◆ WHAT YOU WILL DO
Pictures in the listing below are skipped, while the lines from the "Sac de Randonnée Osprey Kestrel 58 Noir" line through the "Louisa Rectangular Coffee" line are returned word for word.

[RECORDS FOR THIS TASK — start]

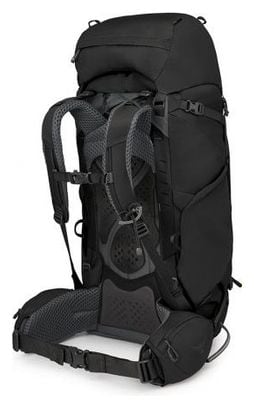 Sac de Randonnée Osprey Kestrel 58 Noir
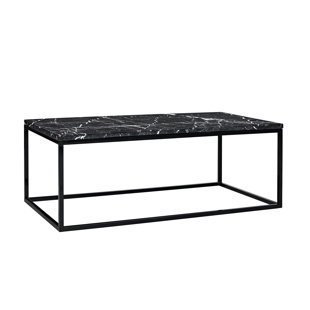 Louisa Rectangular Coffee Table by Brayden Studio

[RECORDS FOR THIS TASK — finish]
[RECORDS FOR THIS TASK — start]

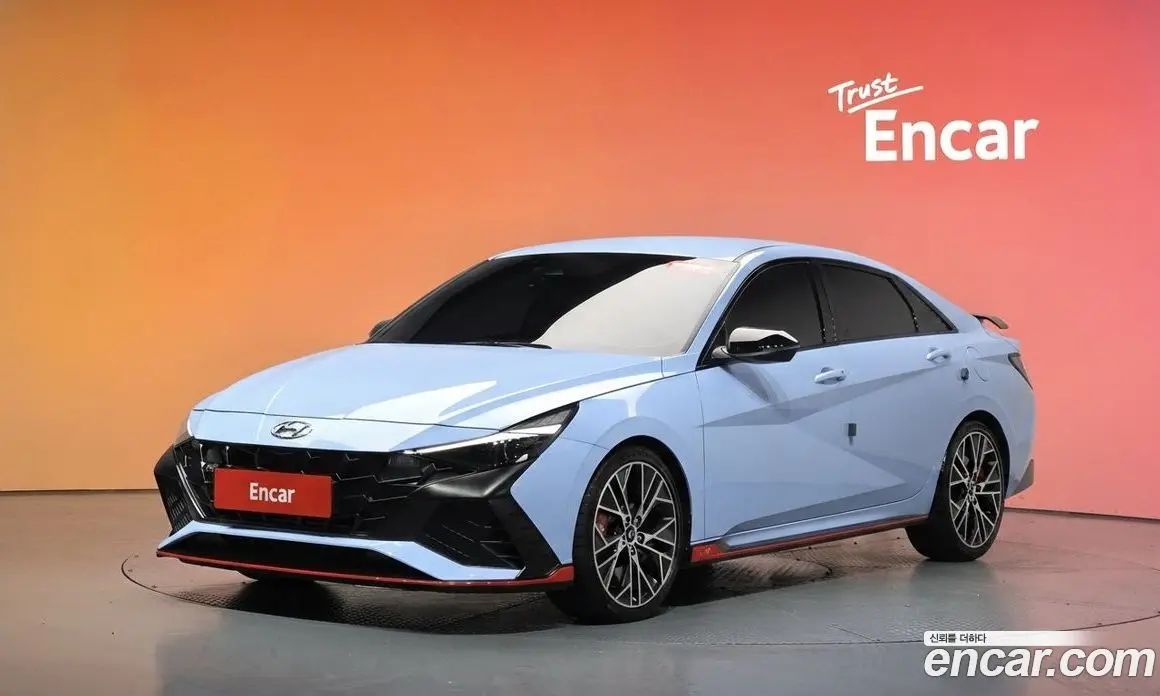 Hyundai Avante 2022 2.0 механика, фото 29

[RECORDS FOR THIS TASK — finish]
[RECORDS FOR THIS TASK — start]

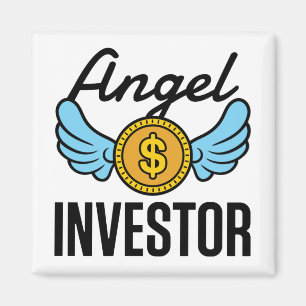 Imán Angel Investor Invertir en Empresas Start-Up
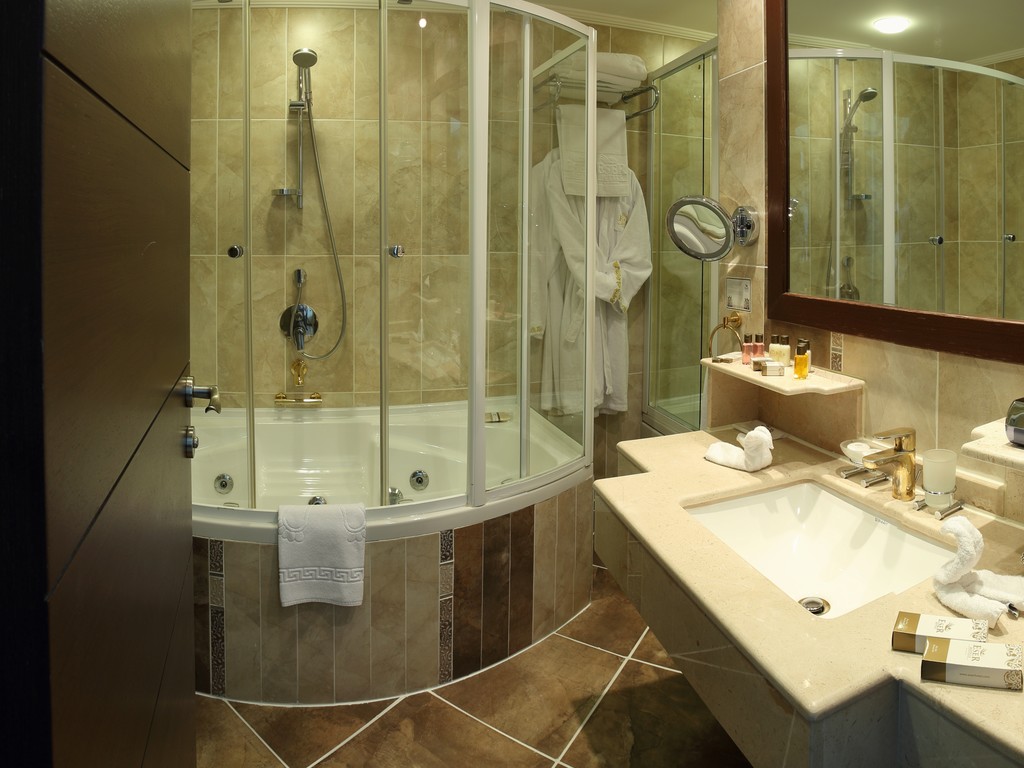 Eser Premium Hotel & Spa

[RECORDS FOR THIS TASK — finish]

◆ TASK RESULT
 Sac de Randonnée Osprey Kestrel 58 Noir
 Louisa Rectangular Coffee Table by Brayden Studio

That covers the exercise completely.